* **Data segment**
☆ ☆ ☆ ☆ ☆

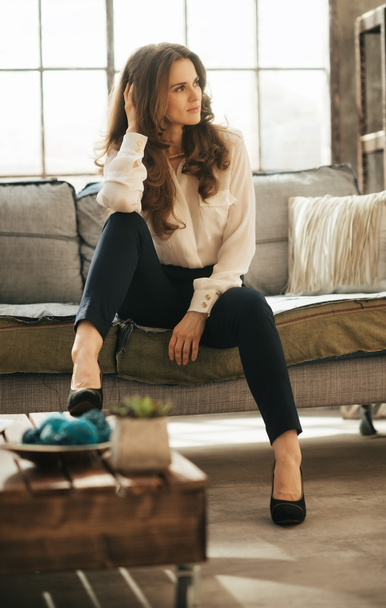 Young elegant woman with brown hairs sitting in loft apartment - Фото, зображення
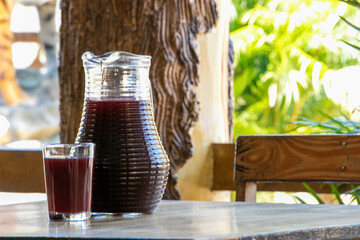 Purple chicha on a restaurant table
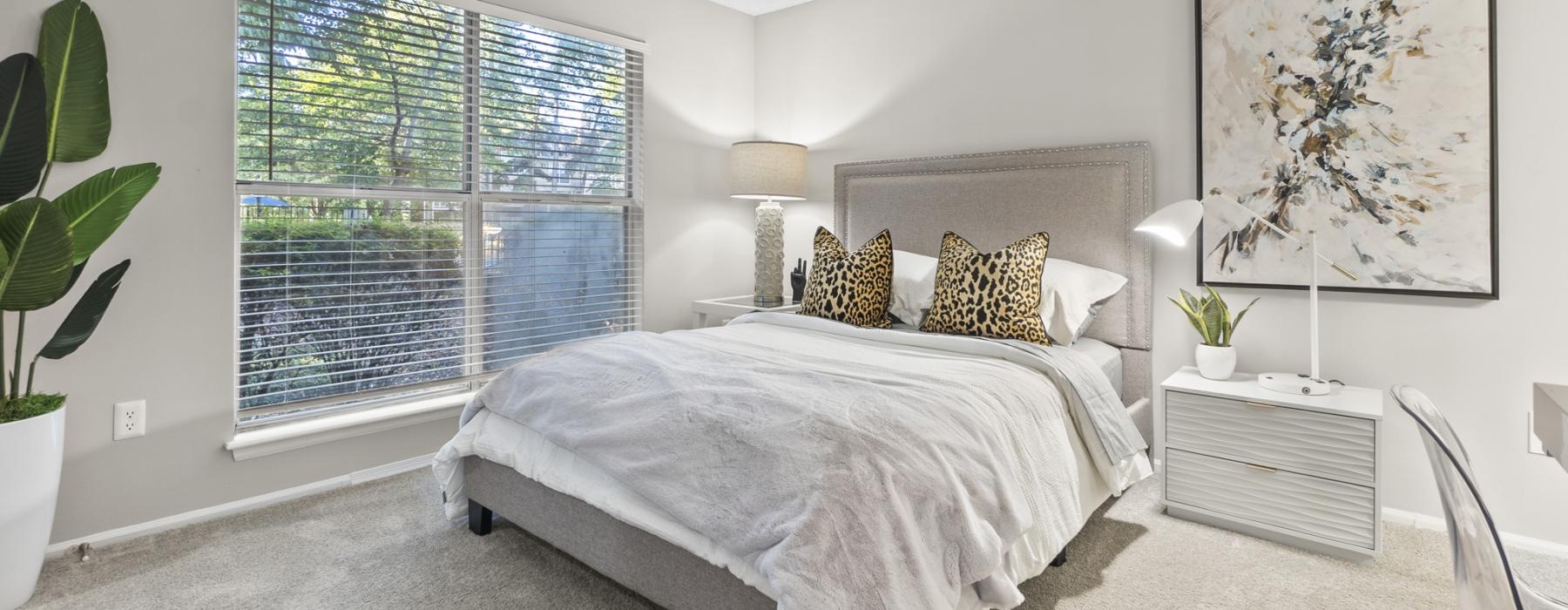 a bedroom with a large window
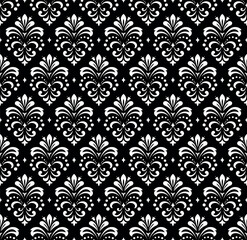 Floral pattern. Vintage wallpaper in the Baroque style. Seamless vector background. White and black ornament for fabric, wallpaper, packaging. Ornate Damask flower ornament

☆ ☆ ☆ ☆ ☆

* **Task directions**
Output the lines of the data exactly, starting at the first and ending with the line that has "a bedroom with a large window". Pictures are not part of it.

* **Output below**
 Young elegant woman with brown hairs sitting in loft apartment - Фото, зображення
 Purple chicha on a restaurant table
 a bedroom with a large window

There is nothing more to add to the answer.